- **Problem to solve**:
Could you write out, exactly as they stand, only the lines in the listing below from the line with "Once SMART-1 has" to the line with "la figure 2.14.", both ends included, without the pictures?

** Records to process follows **

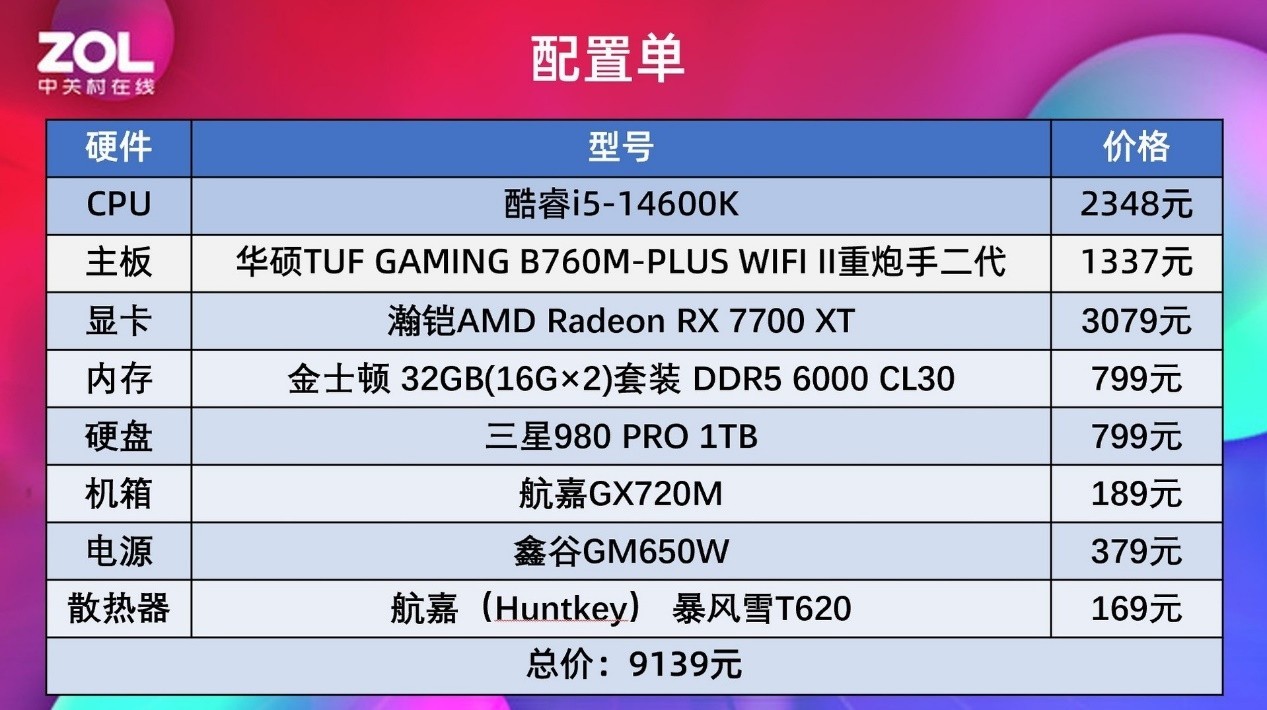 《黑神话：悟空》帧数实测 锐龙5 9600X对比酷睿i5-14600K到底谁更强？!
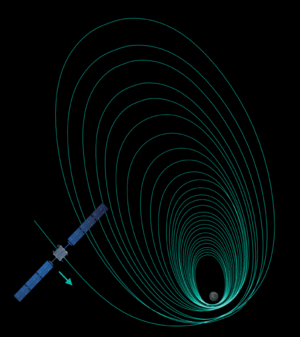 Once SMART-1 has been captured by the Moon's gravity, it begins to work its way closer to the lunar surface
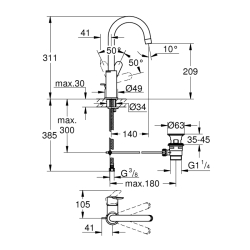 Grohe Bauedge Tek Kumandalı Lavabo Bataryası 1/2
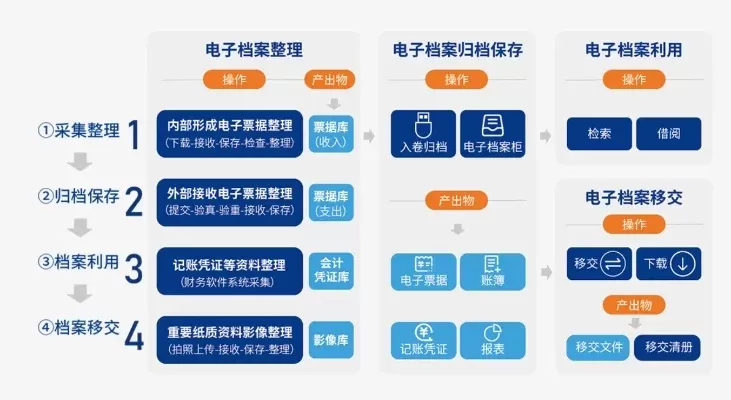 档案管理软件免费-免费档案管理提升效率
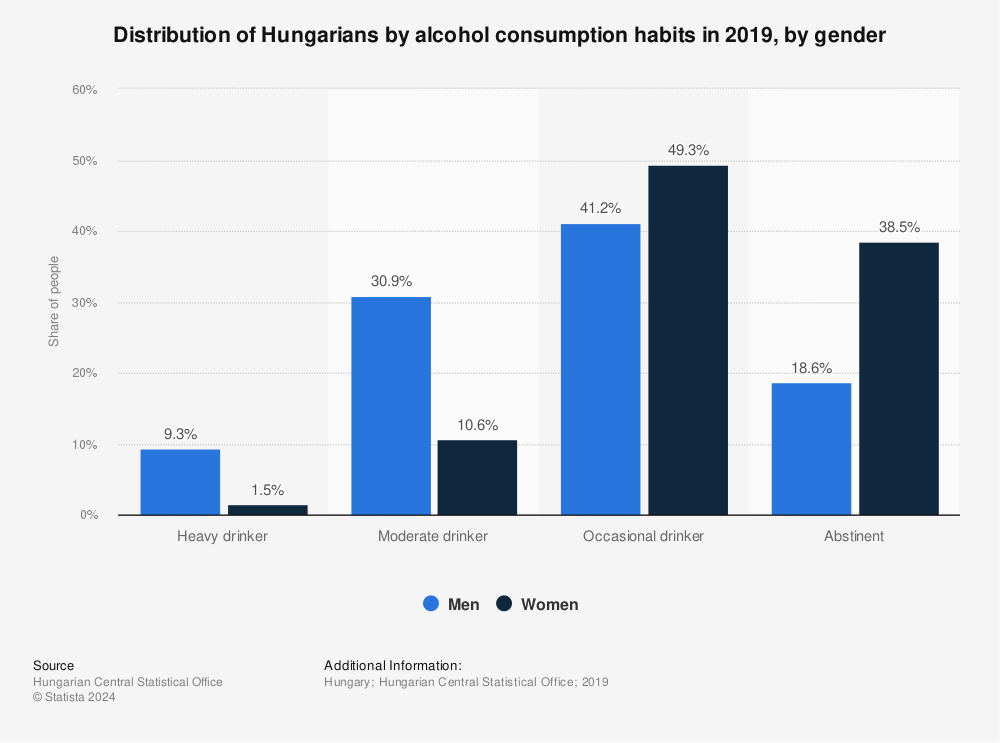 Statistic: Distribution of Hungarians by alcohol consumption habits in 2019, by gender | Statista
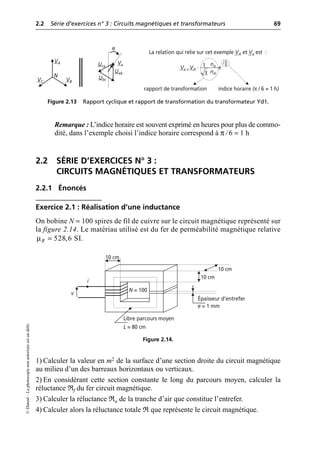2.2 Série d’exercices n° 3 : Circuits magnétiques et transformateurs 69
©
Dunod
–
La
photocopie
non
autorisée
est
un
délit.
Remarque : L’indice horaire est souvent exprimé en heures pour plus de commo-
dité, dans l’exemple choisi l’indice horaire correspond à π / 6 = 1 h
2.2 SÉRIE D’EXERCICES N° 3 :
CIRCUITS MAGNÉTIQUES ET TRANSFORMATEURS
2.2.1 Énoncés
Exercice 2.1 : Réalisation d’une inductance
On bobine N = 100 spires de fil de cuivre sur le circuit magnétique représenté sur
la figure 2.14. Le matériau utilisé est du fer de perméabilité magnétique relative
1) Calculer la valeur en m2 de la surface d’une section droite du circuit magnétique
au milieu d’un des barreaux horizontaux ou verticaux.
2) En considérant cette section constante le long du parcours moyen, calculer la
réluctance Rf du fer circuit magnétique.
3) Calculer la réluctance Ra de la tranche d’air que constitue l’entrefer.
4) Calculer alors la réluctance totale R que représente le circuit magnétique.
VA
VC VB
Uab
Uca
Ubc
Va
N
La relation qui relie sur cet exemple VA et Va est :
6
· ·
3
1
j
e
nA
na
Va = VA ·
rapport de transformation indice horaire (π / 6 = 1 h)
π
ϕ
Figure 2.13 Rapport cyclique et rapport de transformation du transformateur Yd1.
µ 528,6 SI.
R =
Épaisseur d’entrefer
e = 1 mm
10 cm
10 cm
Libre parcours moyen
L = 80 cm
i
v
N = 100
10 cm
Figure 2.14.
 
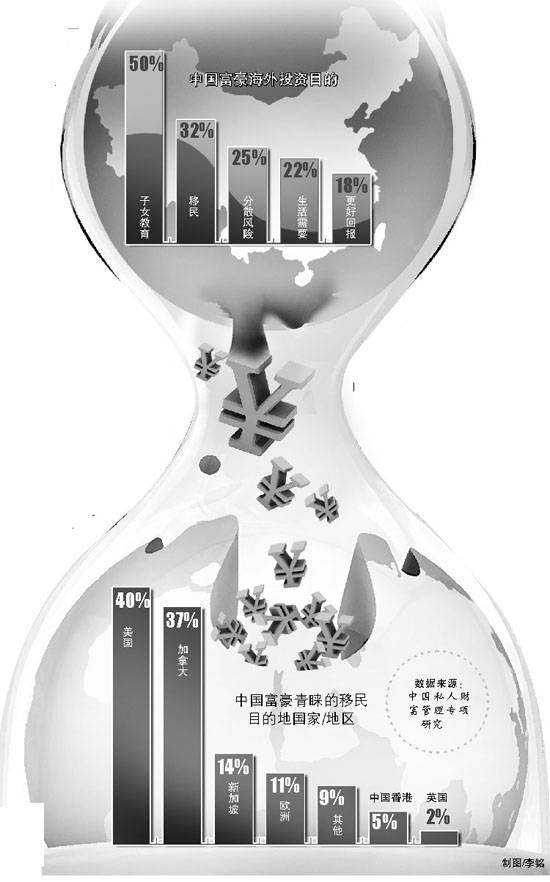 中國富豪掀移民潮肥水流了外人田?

** End of Records to process **
** Records to process follows **

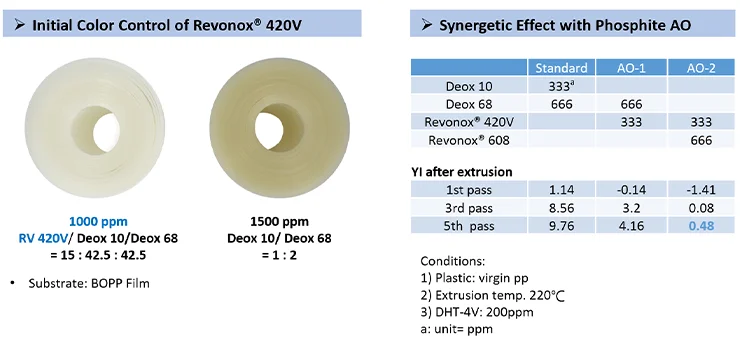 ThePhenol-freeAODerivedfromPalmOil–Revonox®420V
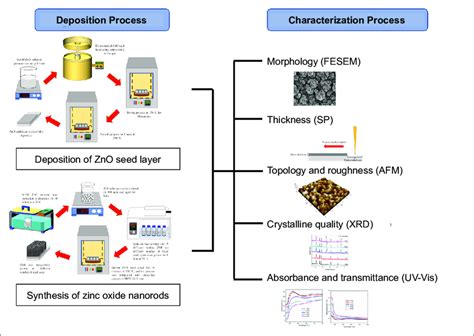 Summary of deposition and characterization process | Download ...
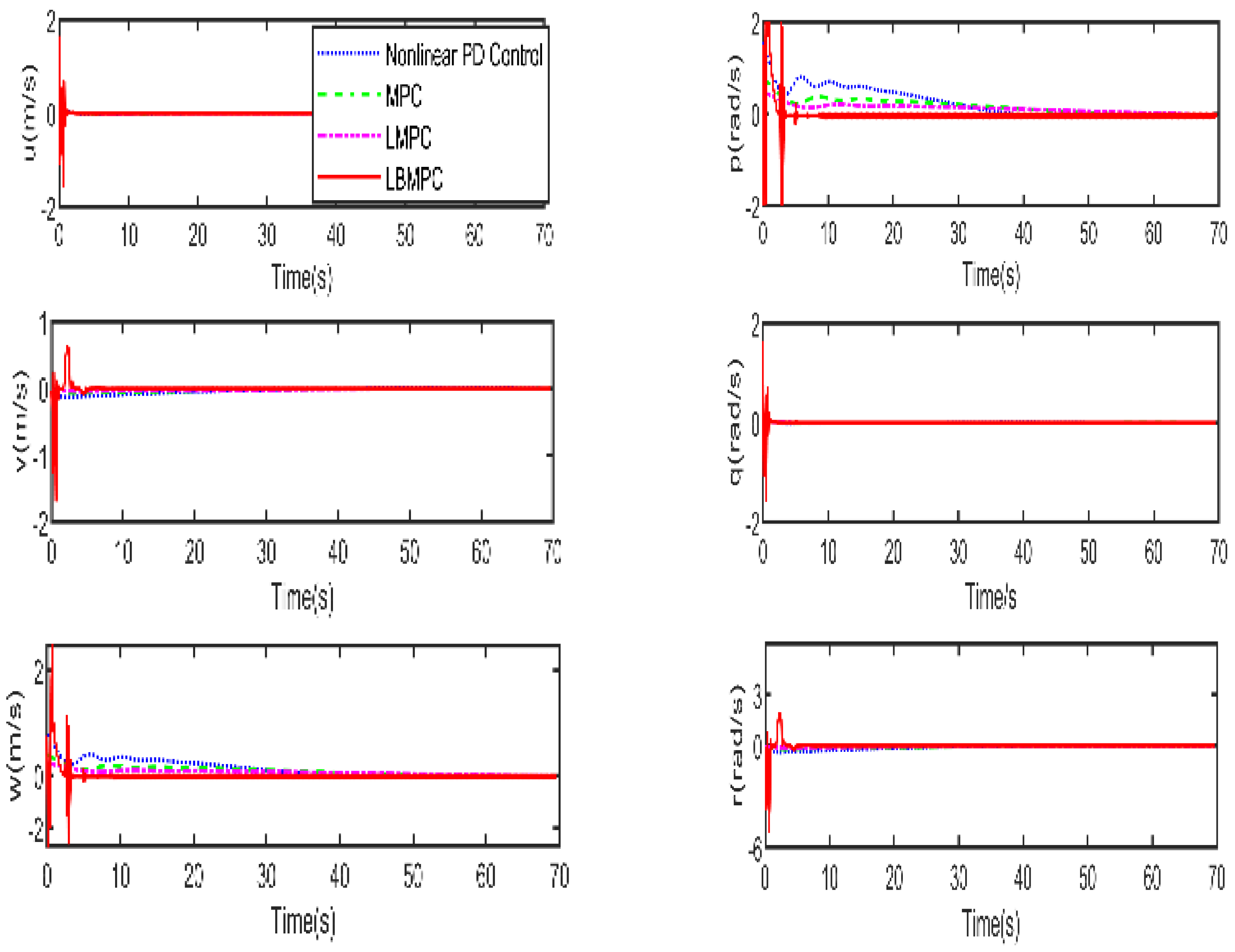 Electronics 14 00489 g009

** End of Records to process **
** Records to process follows **

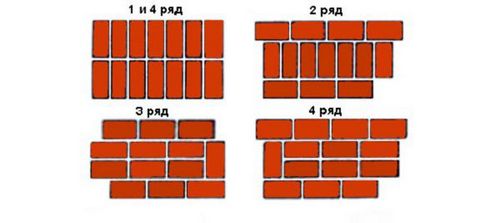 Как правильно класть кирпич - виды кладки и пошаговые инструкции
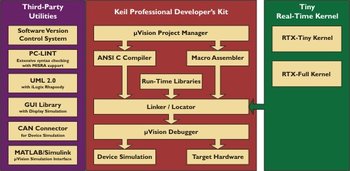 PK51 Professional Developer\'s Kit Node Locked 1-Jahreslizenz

** End of Records to process **

- **Exercise solution**:
 Once SMART-1 has been captured by the Moon's gravity, it begins to work its way closer to the lunar surface
 Grohe Bauedge Tek Kumandalı Lavabo Bataryası 1/2
 档案管理软件免费-免费档案管理提升效率
 Statistic: Distribution of Hungarians by alcohol consumption habits in 2019, by gender | Statista
2.2 Série d’exercices n° 3 : Circuits magnétiques et transformateurs 69
©
Dunod
–
La
photocopie
non
autorisée
est
un
délit.
Remarque : L’indice horaire est souvent exprimé en heures pour plus de commo-
dité, dans l’exemple choisi l’indice horaire correspond à π / 6 = 1 h
2.2 SÉRIE D’EXERCICES N° 3 :
CIRCUITS MAGNÉTIQUES ET TRANSFORMATEURS
2.2.1 Énoncés
Exercice 2.1 : Réalisation d’une inductance
On bobine N = 100 spires de fil de cuivre sur le circuit magnétique représenté sur
la figure 2.14. Le matériau utilisé est du fer de perméabilité magnétique relative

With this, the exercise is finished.